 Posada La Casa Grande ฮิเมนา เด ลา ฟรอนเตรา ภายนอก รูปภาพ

==

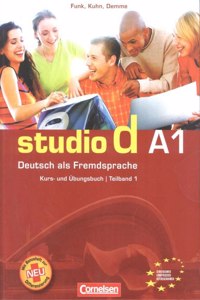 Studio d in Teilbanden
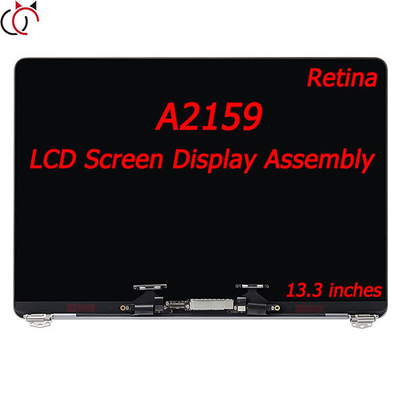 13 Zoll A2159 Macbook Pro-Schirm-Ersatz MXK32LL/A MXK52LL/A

ABOUT THIS TASK:
In the listing above, find the line with "Studio d in Teilbanden" and the line with "13 Zoll A2159". Output both, plus every line between them, and no pictures.

REPLY:
 Studio d in Teilbanden
 13 Zoll A2159 Macbook Pro-Schirm-Ersatz MXK32LL/A MXK52LL/A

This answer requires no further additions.